Double checking msyself on the primary run downs above.
Check clutch hub splines are rippled rough to snag plate slide. No is normal, fair amount common. Check plate teeth are essentially square not vampire points.
Feel edges of the stamped out plate, put slightly round edge to face inward so spring press not resisted. I found a 1.5" end wrench works a treat on the big nut which turns CCW. I use ~ 1" Al squares 1/4" thick to trap basket and hub to nip and unnip. Big vice grips for down and dirty chain trapping to nip up and unnip. No need to put air impact amounts of torque on the sprocket nut as ain't much slide load and trapped by the clamp ring and screw. This has two set screw positions but usually one is buggered up except for new sprockets of course. Put ATF in the chain case, less mess if any on clutch plates and a few drops about evaporate if ya forget the blotter mat. If pure factory ain't a factor I like to replace the 3 small bolts with studs loctied in. Hope the sliding felt seal is still sealing, but might think about getting a couple of them to wet and stuff in to dry out. Pack grease around the adjuster rod to back up Dyno's front seal.
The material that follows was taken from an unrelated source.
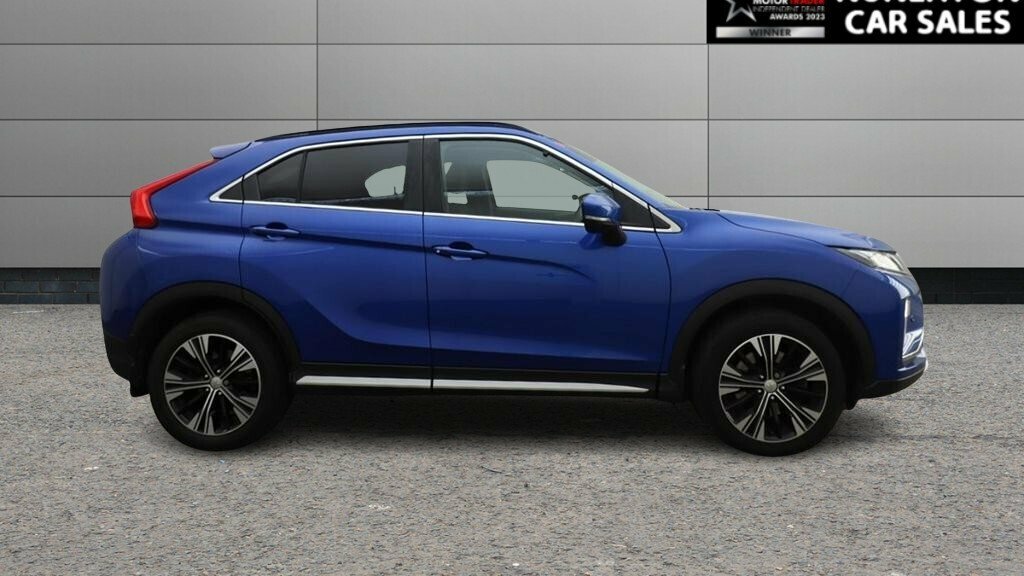 Mitsubishi Eclipse Cross 1.5 Dynamic Red #15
Hard to adjust the rotor/stator clearance if there's clash, If just questionable close a good smash on the stator protected by wood may do it, but otherwise its
hard drilling or grinding the stator steel plates for some slack. Inspect the rotor if loose on its core and good pull on metal yet.
Now would be good time to put degree wheel on and definitely mark TDC and the full adv time mark. I knife edge em through paint/ nail polish on the stator seam. Then can know what the factory gauge set at or knocked too.